Moreoever, I like the MySpace example and the Facebook one. In the early ages of Facebook, no one could think there’d be a massive translation from a network to another. It was in a sense pretty easy in the MySpace to Facebook in France, as MySpace was mostly perceived as an entertainment platform for us against a “friend management system” for Facebook. Different usages, so as a market gap that was filled. Something absolutely different in the US where MySpace was an interpersonal network, a true Social Network on your whole life. And it finally happened: people moved to Facebook, or added Facebook to their digital identity. And Facebook & MySpace can now be synchronized.

For Diaspora, the challenge is big: be able to mobilize general public to move to is platform, against the Facebook one. Something complicated as every mobile device providers pre-install Facebook or Twitter.


There’s been a wide PR coverage about new Facebook competitor. Every single news magazine diffused interviews, opinions, articles, about this new player. There’s been a great mobilization online, from diverse communities: the founders are not just “geek” people, they’re also like us: citizens, fed up with Facebook Califorinia laws. Fed up with this Teddy Boy called Mark Zuckerberg who wants to control our social graph.

There’s obviously an explicit expectation. And when it comes to social networks, explicit networks play a great role. For instance, if Viadeo, the French professional network, worked so well, it’s because during the summer of its launch, the salesmen & founders called their C+ friends to join the platform. For explicit reasons. They transferred their whole address books. Then they added or made implicit networks play the prescription mechanism on its own. On a daily basis, anytime I meet an interesting professional contact, based on my experience, I can decide to explicitely add someone.

On Diaspora, there’s both an explicit reason to join, and an implicit mechanism which can lead to a massive interest from the general public.
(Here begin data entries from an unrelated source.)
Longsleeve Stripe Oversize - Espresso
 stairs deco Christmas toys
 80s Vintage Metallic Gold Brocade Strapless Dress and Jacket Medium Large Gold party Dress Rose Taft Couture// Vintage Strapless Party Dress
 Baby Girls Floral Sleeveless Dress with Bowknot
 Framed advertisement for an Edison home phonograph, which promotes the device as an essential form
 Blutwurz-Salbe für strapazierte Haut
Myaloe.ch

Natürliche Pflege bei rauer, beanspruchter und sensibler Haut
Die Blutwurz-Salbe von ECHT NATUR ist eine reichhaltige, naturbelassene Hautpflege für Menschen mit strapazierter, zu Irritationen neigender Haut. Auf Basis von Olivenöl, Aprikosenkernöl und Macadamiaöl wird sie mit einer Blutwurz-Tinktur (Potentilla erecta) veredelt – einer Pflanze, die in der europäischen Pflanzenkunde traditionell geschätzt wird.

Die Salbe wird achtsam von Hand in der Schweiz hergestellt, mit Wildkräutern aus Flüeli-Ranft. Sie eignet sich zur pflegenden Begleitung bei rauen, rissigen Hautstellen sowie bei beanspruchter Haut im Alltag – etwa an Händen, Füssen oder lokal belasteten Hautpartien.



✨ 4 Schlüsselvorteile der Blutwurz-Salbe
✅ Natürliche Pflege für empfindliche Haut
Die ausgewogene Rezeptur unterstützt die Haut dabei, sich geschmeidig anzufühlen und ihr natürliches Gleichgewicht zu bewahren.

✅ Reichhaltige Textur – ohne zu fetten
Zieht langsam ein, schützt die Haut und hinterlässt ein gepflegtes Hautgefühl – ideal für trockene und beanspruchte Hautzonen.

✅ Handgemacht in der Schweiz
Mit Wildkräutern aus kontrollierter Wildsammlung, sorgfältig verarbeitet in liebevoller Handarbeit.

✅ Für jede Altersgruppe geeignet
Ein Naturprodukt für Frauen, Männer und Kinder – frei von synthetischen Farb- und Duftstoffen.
  • there’s been an engagement program towards the traditional Key opinion leaders & towards disruptive ones like bloggers
  • there’s a clear value proposition: a Facebook without Facebook Manichean attitude
  • there’s a tricky tactics: not directly opposing Facebook to Diaspora (either join us either leave us) but progressively demonstrating why it’d be better

There are strong business opportunities for developers to join Diaspora model, as Diaspora released today its source:

  • you can be freed from Apple or Facebook constraints
  • you can also get enough audience to make your great service worth
  • you can go directly to your relevant public
  • you can avoid legal issues therefore money waste on privacy questions

For me, as a citizen-consumer, I see many interests:

  • I don’t lose my social capital if I move to Diaspora
  • I can probably get great applications & services, and to be fair, I don’t give a shit if it’s on Facebook or else, if it works on my smartphone and if I can get access to all the resources I need
  • It’s a manifesto for a more fair market. And I like fair & true view principles

Maybe I’m too Android-minded. Maybe.